Vous avez été à l’initiative avec le site Reporterre d‘un rapport sur les violences policières, qu’est-ce que vous en tirez ?
Le bilan est effrayant. On n’a pas fini de travailler sur ces questions mais on est entrain d’assister à un changement de doctrine du maintien de l’ordre dans ce pays. Maintenant, les policiers vont à l’affrontement alors que la doctrine qui présidait était le maintien à distance. Ce changement de doctrine était d’ailleurs déjà écrit dans le rapport de la commission d’enquête parlementaire sur le maintien de l’ordre, demandé par les écologistes au lendemain de la mort de Rémi Fraisse [sur le barrage de Sivens dans le Tarn] et que je présidais. J’avais voté contre le rapport de Pascal Popelin [député PS de Seine-Saint-Denis]. On avait été deux sur 30 à voter contre : moi et Marie-Georges Buffet [PCF].
L’idée initiale était de dire comment adapter le maintien de l’ordre au droit de manifester et à la liberté d’expression qui sont des droits constitutionnels ? Sous la plume du rapporteur Pascal Popelin, c’était devenu : comment adapter le droit de manifester et la liberté d’expression au maintien de l’ordre ? Vous en avez la déclinaison depuis 4 mois avec la volonté de criminaliser le mouvement social et avec un nouveau mot à la mode – déjà connu sous la droite donnant lieu à une « loi anti-casseur » abrogée par la gauche – ce mot « casseur » qui revient en permanence dans la bouche de Cazeneuve et de Valls.
Ces quatre mois de mobilisation ont créé de nouveaux liens au sein de la gauche ?
Ils ont crée des liens comme l’ont fait les 56 députés qui se sont retrouvés à deux reprises à la frontière d’une motion de censure. Ça crée aussi des liens et c’est une préfiguration d’un socle commun de la refondation de la gauche et de l’écologie.
Pour 2017 ?
Non. C’est une étape. Nous aurions beaucoup plus d’intérêts à viser les législatives que les présidentielles, même si dans le système actuel elles sont incontournables. C’est le passage obligé mais ça n’est pas le plus important. Il faudra plusieurs années pour reconstruire ce qui a été détruit. Même à droite, ils sont divisés. Les dégâts du néo-conservatisme et du néo-libéralisme sont gravissimes. On ne reconstruit pas ça en quelques mois.

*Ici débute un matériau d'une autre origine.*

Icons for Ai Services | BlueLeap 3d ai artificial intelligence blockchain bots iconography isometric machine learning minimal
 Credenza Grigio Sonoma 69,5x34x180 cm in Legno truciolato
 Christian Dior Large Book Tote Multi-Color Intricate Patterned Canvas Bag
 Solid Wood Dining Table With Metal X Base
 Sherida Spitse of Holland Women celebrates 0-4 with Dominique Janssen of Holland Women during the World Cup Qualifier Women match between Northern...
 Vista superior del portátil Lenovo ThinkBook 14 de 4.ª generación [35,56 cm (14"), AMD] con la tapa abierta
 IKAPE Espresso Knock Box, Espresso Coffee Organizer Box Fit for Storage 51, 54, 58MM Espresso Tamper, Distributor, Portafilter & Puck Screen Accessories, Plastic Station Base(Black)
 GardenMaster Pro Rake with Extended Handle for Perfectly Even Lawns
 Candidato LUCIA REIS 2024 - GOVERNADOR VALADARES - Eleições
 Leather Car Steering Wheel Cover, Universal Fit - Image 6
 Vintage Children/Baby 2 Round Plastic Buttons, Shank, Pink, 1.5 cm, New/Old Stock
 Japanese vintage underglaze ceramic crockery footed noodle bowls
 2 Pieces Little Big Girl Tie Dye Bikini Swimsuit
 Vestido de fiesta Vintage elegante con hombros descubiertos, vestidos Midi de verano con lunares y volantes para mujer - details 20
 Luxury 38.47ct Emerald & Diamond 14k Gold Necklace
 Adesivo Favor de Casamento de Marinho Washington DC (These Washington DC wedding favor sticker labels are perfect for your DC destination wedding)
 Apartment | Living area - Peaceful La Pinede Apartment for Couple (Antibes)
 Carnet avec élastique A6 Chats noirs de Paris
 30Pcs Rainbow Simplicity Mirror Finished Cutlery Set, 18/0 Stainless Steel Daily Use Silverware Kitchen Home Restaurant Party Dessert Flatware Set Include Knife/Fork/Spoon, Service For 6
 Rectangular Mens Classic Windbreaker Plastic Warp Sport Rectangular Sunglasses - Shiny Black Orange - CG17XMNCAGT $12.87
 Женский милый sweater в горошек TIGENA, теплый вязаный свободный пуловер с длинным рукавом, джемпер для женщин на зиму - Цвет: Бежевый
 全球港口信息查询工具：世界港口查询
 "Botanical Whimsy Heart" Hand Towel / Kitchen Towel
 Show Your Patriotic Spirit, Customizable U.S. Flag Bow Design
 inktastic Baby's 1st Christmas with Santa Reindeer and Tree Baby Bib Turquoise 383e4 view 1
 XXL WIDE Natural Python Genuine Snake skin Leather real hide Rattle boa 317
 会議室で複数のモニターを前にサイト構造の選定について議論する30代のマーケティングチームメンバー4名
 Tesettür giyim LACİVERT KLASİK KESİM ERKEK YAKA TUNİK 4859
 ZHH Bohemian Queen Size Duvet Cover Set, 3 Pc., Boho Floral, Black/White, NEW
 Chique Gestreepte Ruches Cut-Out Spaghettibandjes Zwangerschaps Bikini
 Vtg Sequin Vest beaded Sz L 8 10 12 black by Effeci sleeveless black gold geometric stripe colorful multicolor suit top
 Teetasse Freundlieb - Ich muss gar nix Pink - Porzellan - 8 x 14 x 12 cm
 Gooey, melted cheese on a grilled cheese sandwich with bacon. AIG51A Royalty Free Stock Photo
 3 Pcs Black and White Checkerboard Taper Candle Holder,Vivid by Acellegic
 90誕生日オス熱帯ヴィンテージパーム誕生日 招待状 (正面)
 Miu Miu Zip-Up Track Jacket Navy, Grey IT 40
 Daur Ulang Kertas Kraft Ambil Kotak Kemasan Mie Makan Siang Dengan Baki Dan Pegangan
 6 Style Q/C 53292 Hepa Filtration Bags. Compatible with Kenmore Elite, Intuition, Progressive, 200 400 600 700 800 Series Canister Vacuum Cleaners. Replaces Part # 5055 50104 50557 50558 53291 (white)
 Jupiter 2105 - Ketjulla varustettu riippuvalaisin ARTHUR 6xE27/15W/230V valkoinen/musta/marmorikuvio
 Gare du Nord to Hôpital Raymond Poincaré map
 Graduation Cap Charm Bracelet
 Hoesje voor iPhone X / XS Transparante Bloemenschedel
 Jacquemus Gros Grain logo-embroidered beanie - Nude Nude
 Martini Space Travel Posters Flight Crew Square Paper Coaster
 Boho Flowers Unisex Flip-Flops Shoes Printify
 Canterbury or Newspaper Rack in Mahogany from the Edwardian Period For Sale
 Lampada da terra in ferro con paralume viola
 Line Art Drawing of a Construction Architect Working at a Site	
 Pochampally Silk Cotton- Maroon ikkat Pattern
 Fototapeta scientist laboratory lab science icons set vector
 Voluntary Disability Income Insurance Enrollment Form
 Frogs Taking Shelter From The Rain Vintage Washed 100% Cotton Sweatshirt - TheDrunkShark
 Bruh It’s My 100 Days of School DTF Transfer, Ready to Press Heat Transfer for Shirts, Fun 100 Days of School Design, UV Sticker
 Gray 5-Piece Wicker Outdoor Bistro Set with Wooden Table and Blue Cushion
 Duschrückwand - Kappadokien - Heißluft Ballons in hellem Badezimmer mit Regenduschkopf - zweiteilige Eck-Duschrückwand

De nouvelles alliances sont à prévoir. Elles ne pourront pas se passer qu’entre politiques, mais avec la société avec laquelle on doit se réconcilier. On est entrain d’assister au même scénario qu’en 1969 avec la fin de la SFIO quand Deferre avait fait 5 % et Rocard 3,6 % [donnant lieu à la création du PS]. Aujourd’hui, des événements et des comportements ne peuvent pas rester impunis. L’histoire se rappelle toujours à votre bon souvenir et ces gens le paieront au prix qu’ils doivent payer.